**Source material**:
====================

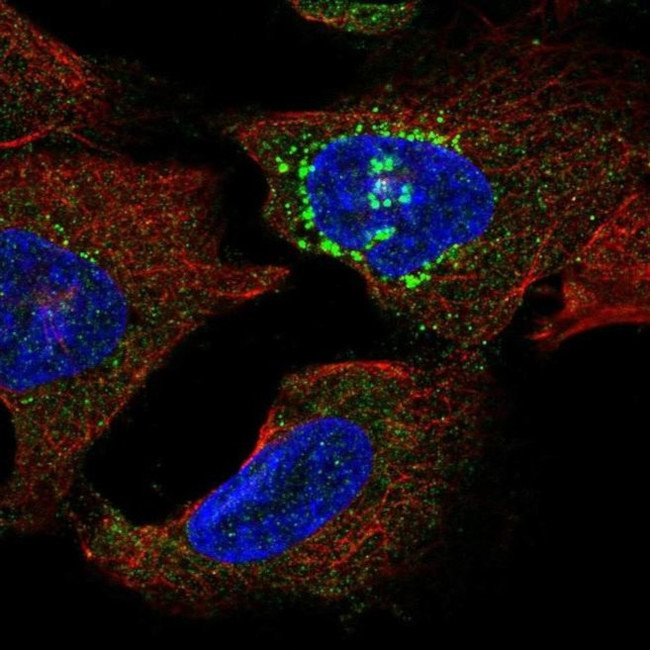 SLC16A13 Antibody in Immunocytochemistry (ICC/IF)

====================

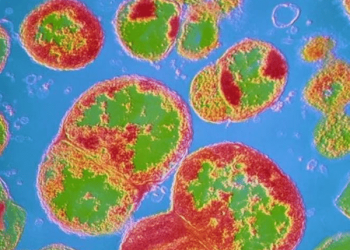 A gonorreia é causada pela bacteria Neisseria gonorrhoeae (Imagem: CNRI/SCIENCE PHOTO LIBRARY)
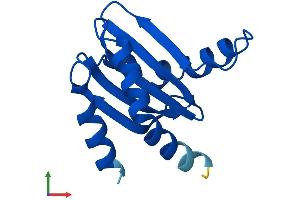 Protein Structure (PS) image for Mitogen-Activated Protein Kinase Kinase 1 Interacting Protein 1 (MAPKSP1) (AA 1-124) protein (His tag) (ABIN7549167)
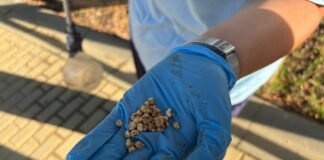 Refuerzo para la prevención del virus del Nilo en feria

====================

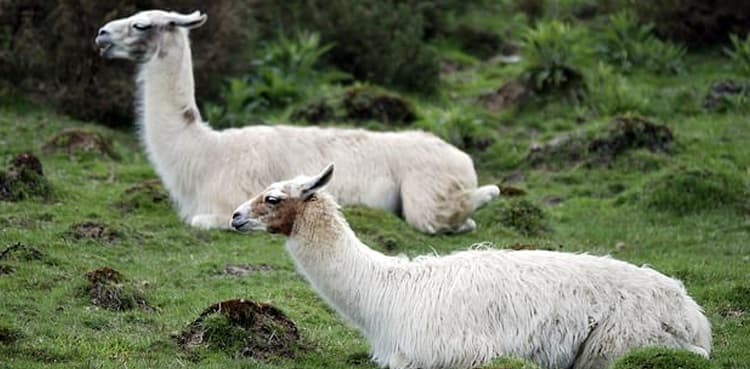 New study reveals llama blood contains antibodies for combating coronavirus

====================

**Requirement**:
Among the lines above, the one with "A gonorreia é" opens the part to repeat and the one with "Refuerzo para la" closes it; repeat only that part exactly, with no pictures.

**Result**:
 A gonorreia é causada pela bacteria Neisseria gonorrhoeae (Imagem: CNRI/SCIENCE PHOTO LIBRARY)
 Protein Structure (PS) image for Mitogen-Activated Protein Kinase Kinase 1 Interacting Protein 1 (MAPKSP1) (AA 1-124) protein (His tag) (ABIN7549167)
 Refuerzo para la prevención del virus del Nilo en feria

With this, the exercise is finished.